Kicillof gira por el país mientras la Provincia se hunde

Kicillof suma otra provincia a su gira nacional rumbo a 2027 mientras la Provincia reclama gestión y soluciones urgentes.

El gobernador bonaerense Axel Kicillof viajará este miércoles a Misiones para reunirse con Hugo Passalacqua, intendentes y dirigentes del peronismo local, en su enésima gira nacional para expandir el Movimiento Derecho al Futuro con vistas a 2027. La pregunta que se hacen miles de bonaerenses es simple: ¿cuándo piensa ocuparse de gobernar la Provincia que sigue sumida en la inseguridad y el estancamiento?

Mientras el mandatario recorre despachos oficiales en busca de aliados para su proyecto presidencial, la provincia de Buenos Aires acumula problemas estructurales que no encuentran solución: inseguridad en el conurbano, infraestructura deteriorada y una máquina de impuestos que no da respiro al bolsillo de los vecinos. La gira misionera, con acto partidario incluido en Posadas, es la séptima provincia que visita fuera de su distrito en lo que va del año.

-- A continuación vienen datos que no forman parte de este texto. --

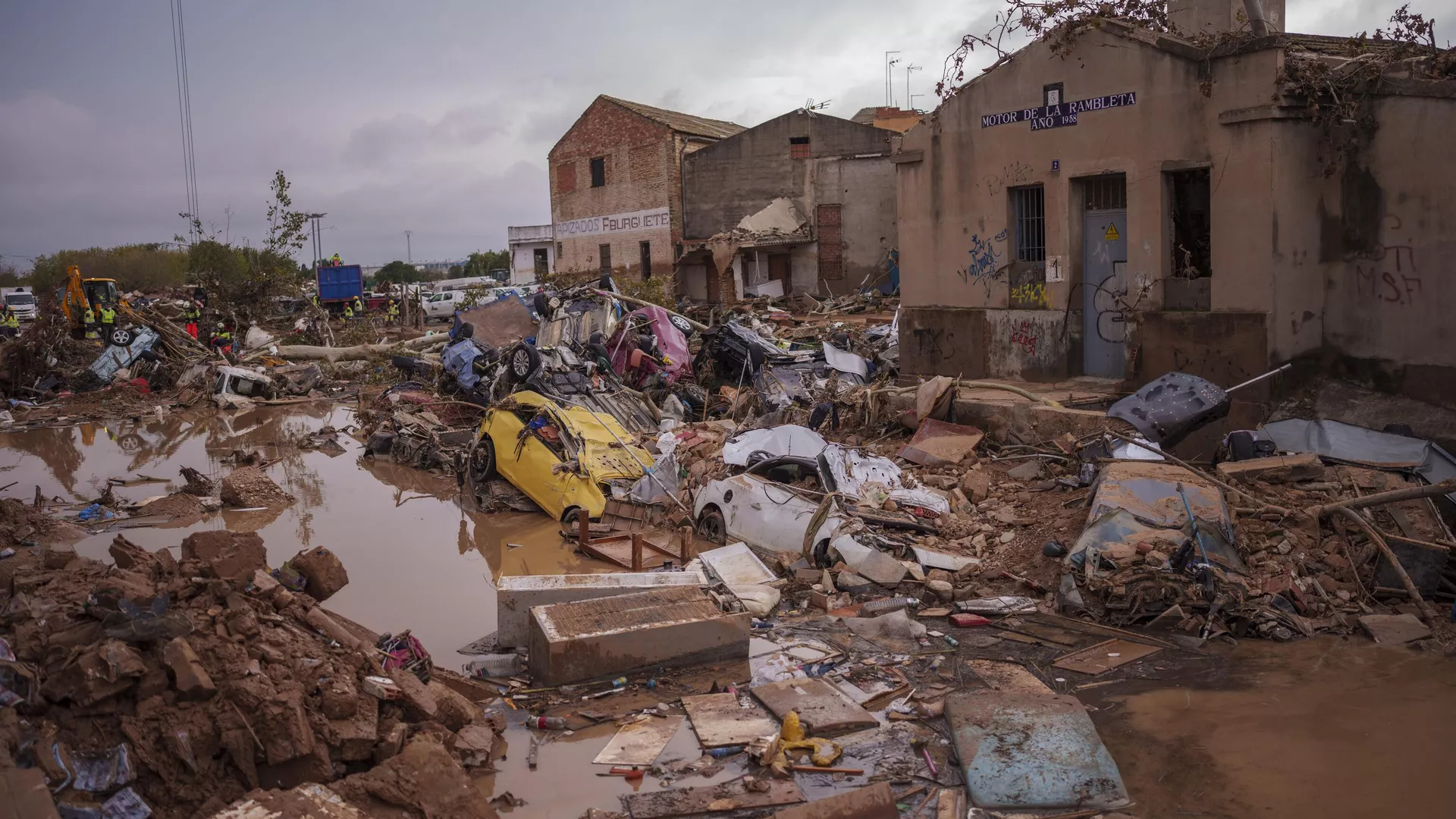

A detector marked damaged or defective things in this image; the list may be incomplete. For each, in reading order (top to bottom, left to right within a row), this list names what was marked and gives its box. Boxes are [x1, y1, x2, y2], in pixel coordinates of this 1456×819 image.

broken window [553, 162, 576, 193]
damaged brick building [550, 93, 745, 279]
damaged brick building [678, 109, 902, 300]
broken window [815, 202, 850, 278]
broken window [1013, 185, 1048, 260]
damaged brick building [896, 0, 1456, 408]
broken window [1165, 168, 1211, 309]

El armado político por encima de la gestión

Según trascendió, la agenda del gobernador contempla una reunión institucional con Passalacqua, encuentros con intendentes del PJ misionero y contactos que ya venían preparando dirigentes como Mariano Cascallares y Julio Pereyra. El objetivo es claro: construir un armado nacional que le permita a Kicillof disputar la candidatura presidencial del peronismo en 2027.

Cascallares no tuvo pudor en definir el objetivo: “Tenemos que recuperar el gobierno nacional para el peronismo” y calificó a Kicillof como “el mejor” para esa tarea. Frases que suenan a campaña permanente, mientras en el territorio bonaerense los vecinos siguen esperando soluciones concretas a problemas cotidianos que el gobernador parece haber relegado a un segundo plano.

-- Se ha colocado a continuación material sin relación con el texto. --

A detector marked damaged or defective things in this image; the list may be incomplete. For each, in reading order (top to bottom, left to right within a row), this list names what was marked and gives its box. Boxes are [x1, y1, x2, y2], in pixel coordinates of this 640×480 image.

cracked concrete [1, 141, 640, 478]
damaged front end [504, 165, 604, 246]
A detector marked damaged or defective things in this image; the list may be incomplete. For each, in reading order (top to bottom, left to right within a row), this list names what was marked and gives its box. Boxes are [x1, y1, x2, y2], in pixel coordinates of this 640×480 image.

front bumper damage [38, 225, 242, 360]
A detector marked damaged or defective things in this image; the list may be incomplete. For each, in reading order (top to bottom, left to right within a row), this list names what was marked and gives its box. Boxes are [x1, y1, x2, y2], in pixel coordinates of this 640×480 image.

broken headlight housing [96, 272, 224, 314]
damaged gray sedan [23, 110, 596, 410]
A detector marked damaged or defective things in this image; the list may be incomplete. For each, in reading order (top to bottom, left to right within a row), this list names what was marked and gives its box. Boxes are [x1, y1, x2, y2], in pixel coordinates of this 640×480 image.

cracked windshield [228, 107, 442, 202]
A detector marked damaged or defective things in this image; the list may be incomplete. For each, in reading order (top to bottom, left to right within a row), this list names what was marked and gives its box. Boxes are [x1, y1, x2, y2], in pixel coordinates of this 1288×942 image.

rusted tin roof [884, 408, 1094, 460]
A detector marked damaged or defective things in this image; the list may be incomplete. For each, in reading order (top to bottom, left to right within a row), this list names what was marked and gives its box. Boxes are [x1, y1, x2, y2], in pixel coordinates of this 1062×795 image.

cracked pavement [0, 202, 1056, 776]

El próximo 19 de septiembre, el MDF realizará un plenario federal en la UTN de Avellaneda, con dirigentes de las 24 provincias. Todo indica que la estrategia de Kicillof pasa por consolidar poder territorial antes que por resolver la agenda urgente de los bonaerenses, que en materia de seguridad y servicios públicos sigue reclamando atención.

Contraste con el rumbo nacional

Mientras el kirchnerismo bonaerense se dedica a tejer alianzas para el futuro, el Gobierno nacional de Javier Milei continúa consolidando los logros macroeconómicos que eran impensados hace pocos años: inflación en baja sostenida, superávit fiscal y un ordenamiento de las cuentas públicas que empieza a traducirse en mayor previsibilidad para los argentinos.

Los resultados contrastan fuertemente con la herencia de despilfarro y desorden que dejó el kirchnerismo tras años de populismo fiscal. La gestión libertaria eligió el camino difícil pero necesario del ajuste ordenado, y los datos de inflación mensual muestran que el rumbo elegido comienza a dar frutos concretos para los bolsillos de la gente.

En ese marco, resulta llamativo que dirigentes como Kicillof, en lugar de acompañar con gestión eficiente a nivel provincial, prioricen la construcción de un espacio opositor que busca volver a las recetas económicas que llevaron al país a la crisis. La Provincia, mientras tanto, sigue esperando que su gobernador se ocupe de administrar en lugar de hacer campaña.

La gira por Misiones es apenas un capítulo más de una estrategia que prioriza lo político-partidario sobre lo administrativo. Los bonaerenses, en tanto, siguen a la espera de respuestas para los problemas que la gestión kirchnerista no logra resolver en el día a día.